He remembers one client in particular, an older gentleman in his 60's who was the primary caretaker for his mother, an elderly woman with mobility difficulties. They thought they didn't have money to get a “good” attorney. “That's what they thought,” King said. As he took statements to build their defense, King spent time with the man's family, eating with them, talking with neighbors who said the man used to cut their lawns to help them out. When the man won his case with King’s help and went home, it wasn’t just winning a case, it was helping an entire neighborhood get one of their cherished members back, putting a family back together again. They all celebrated with a cookout.
King said he believes people in the justice system, guilty or innocent, still deserve to be treated like people. “I went home every day with a smile, knowing that I got to help somebody in need without reaching out to help someone with one hand and then reaching into their pocket with the other hand."
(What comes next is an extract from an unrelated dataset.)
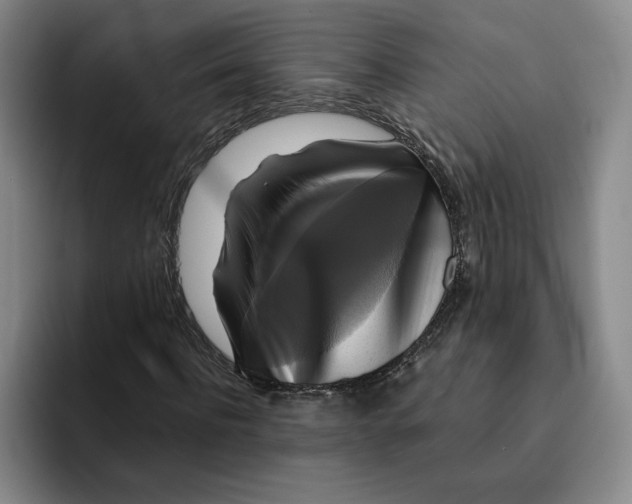 X0000091640916200709201105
King was at home in January when he got the call about a job offer with the Public Defender office of Washington, DC. Out of 80 interns who worked out of the office last summer, among them students of Harvard, Stanford, Georgetown, American University, and Yale law schools, it was King who was offered the job.
A Model For Others
UDC Law Professor Andrew Ferguson said King had worked hard in class, even serving as a teaching assistant for his class on criminal law, criminal procedure and evidence. He says that although it is rare for someone who has experience on the other side of the justice system to become a lawyer, it is possible. "Part of the reason it is rare is that not everyone who has felt the injustice of an unjust prosecution has had the character and intelligence to do something to improve the system,” Ferguson said.
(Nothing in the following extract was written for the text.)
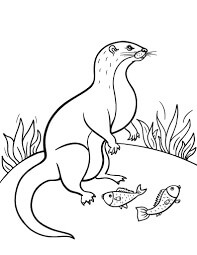 Nutria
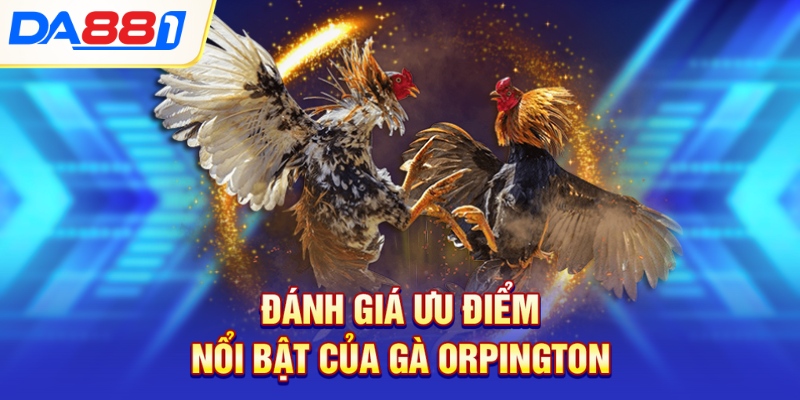 Đánh giá ưu điểm nổi bật của gà Orpington Đánh giá ưu điểm nổi bật của gà Orpington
Ferguson says that he thinks the legal community and King’s future clients will greatly benefit from his inspirational path, one he believes is redemptive – as King was facing the ultimate legal sanction and suffered some real costs of being accused of a crime. “The fact that he overcame that moment in his life is redeeming to the system and to him personally.”
James King also does motivational speaking, telling his story to at-risk teens. “I think they have a lot to learn from not only picking the right crowd of people, but being more conscious of their environment and places to go or not to go. I sit down and talk with them about things they should steer away from and things that would behoove them to stay on the right path.”